Weeping Camel
Fall, 2005
Last night my husband and I watched the National Geographic film, “The Story of the Weeping Camel.” Set in the stark landscape of Mongolia’s Gobi Desert, brutal windstorms contrast with the gentleness of the people. Isolated in a gray world, these people dress themselves in rich fabrics, blanket their camels with pads of intricate handiwork, and fill their round dwellings with colorful wall hangings, beautiful floor coverings and family warmth. They also listen to the unseen cadences of nature, of life, of emotion.
The film covers the tribe’s camel-calving season. The last camel to go into labor is having her first baby. The birth is difficult, and she needs help. A young mother coaches the men as they deliver the colt, instructing them to work with the rhythm of the camel’s contractions. Sitting there with bated breath, I witness the traumatic miracle of birth. My heart understands when the mother rejects her baby.
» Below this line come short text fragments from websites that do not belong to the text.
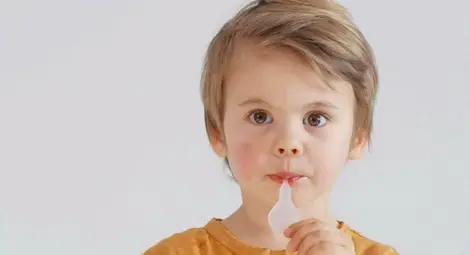 Днес става ясно колко родители  са съгласни да се тестват децата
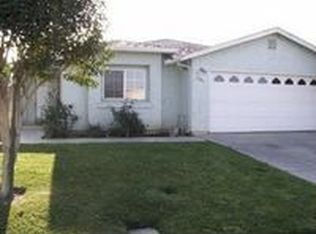 1081 Gavilan Dr, Greenfield, CA 93927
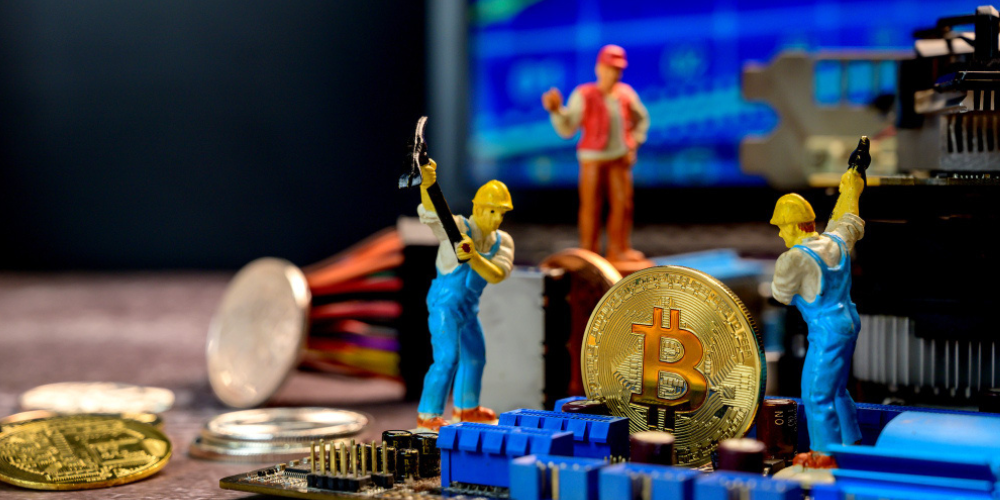 1702867498937299.png 4.png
My heart also breaks in the face of the colt’s yearning for its mother, its many attempts at acceptance and its repeated rejection.
The people of the tribe watch the mother closely, acknowledge the difficulty of her birthing experience, try many ways to help her accept her colt. Nothing works. They hear the sounds of her lonely grieving. They see her separating herself from the herd, and from them. She turns mean.
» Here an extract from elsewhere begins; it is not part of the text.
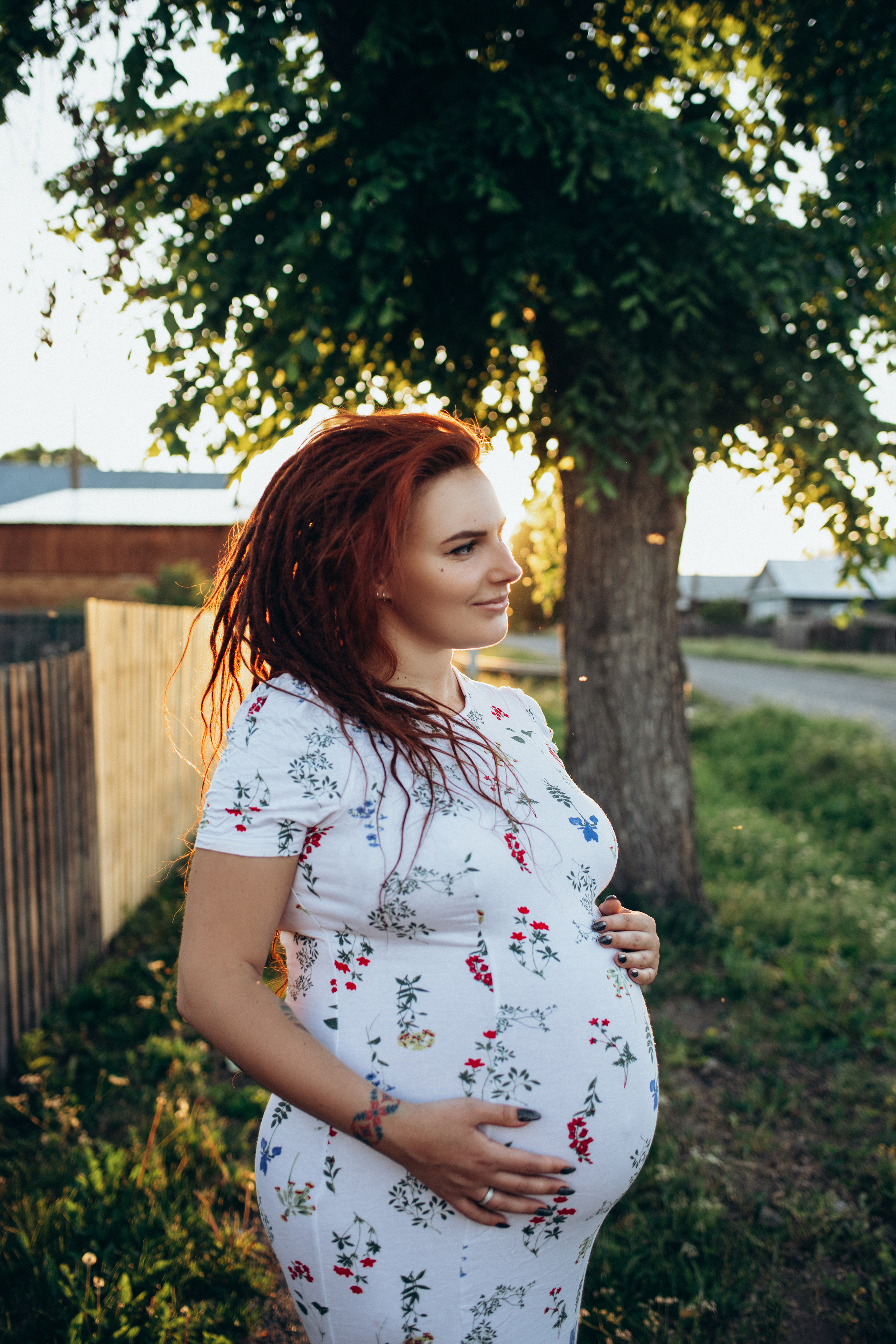 Сергей и Елизавета. Семейный свадебный фотограф Екатеринбург Первоуральск Шарнина Алёна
At last, the people fetch a musician from a different tribe. He comes with a stringed instrument. The estranged mother camel is brought to camp, hobbled, tied to a post and flanked by several people in order to keep her still enough for the musician to hang his instrument from one of her humps. Lying against her side, the instrument catches the wind, humming faint chords. She hears the strands of sound, cocks her head, settles down a bit.
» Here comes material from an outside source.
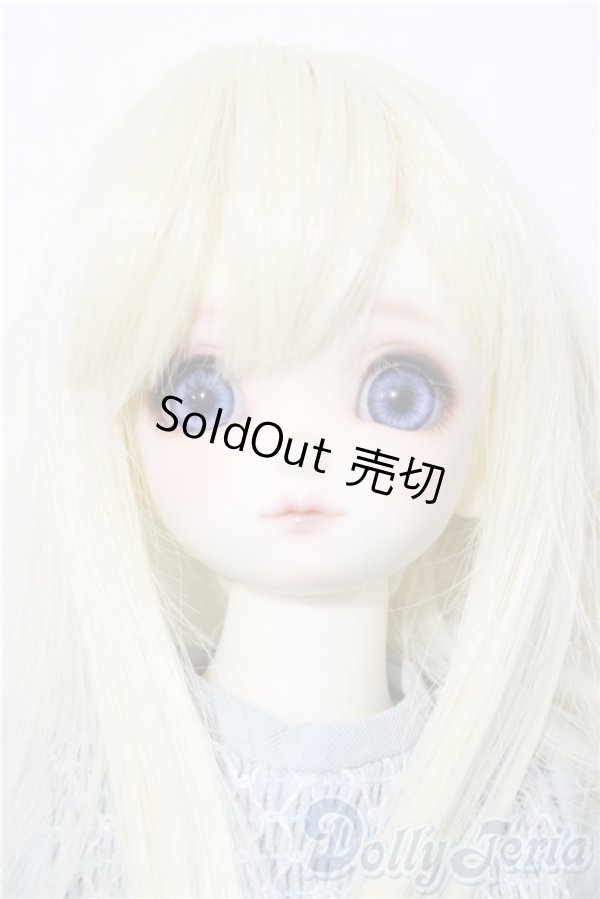 画像1: SDM女の子/コーディネートモデルf-48 U-26-01-14-212-TN-ZU (1)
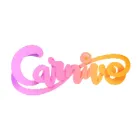 七大营销赛道,50 家实力广告公司招人 | 春季招聘潮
The musician takes the instrument off the camel and begins to play. The young woman who coached the birthing stands beside the camel, stroking the mother’s neck and singing softly with the music. As the song progresses, the mother becomes more and more quiet, and then tears roll out of her eyes and down her cheeks. Her heart opens. The colt is brought to her. She nuzzles her baby, makes soft sounds to it, nurses it.
I thought, "Oh my goodness. Why don't we do something like that for human mothers who remain distant from their babies?" In our culture, we know how to keep a body alive; healing a heart is an altogether different matter. It’s true for each of us that in our wounded moments—those times when pain blinds our eyes and locks up our hearts—we need human touch, patience and sensitive songs more than we need answers, advice or a diagnosis. If you’re concerned about someone who doesn’t seem to be doing very well right now, perhaps the best thing you can do is sit with them and listen to music. Be with them in any way that “seek(s) not to be understood so much as to understand …”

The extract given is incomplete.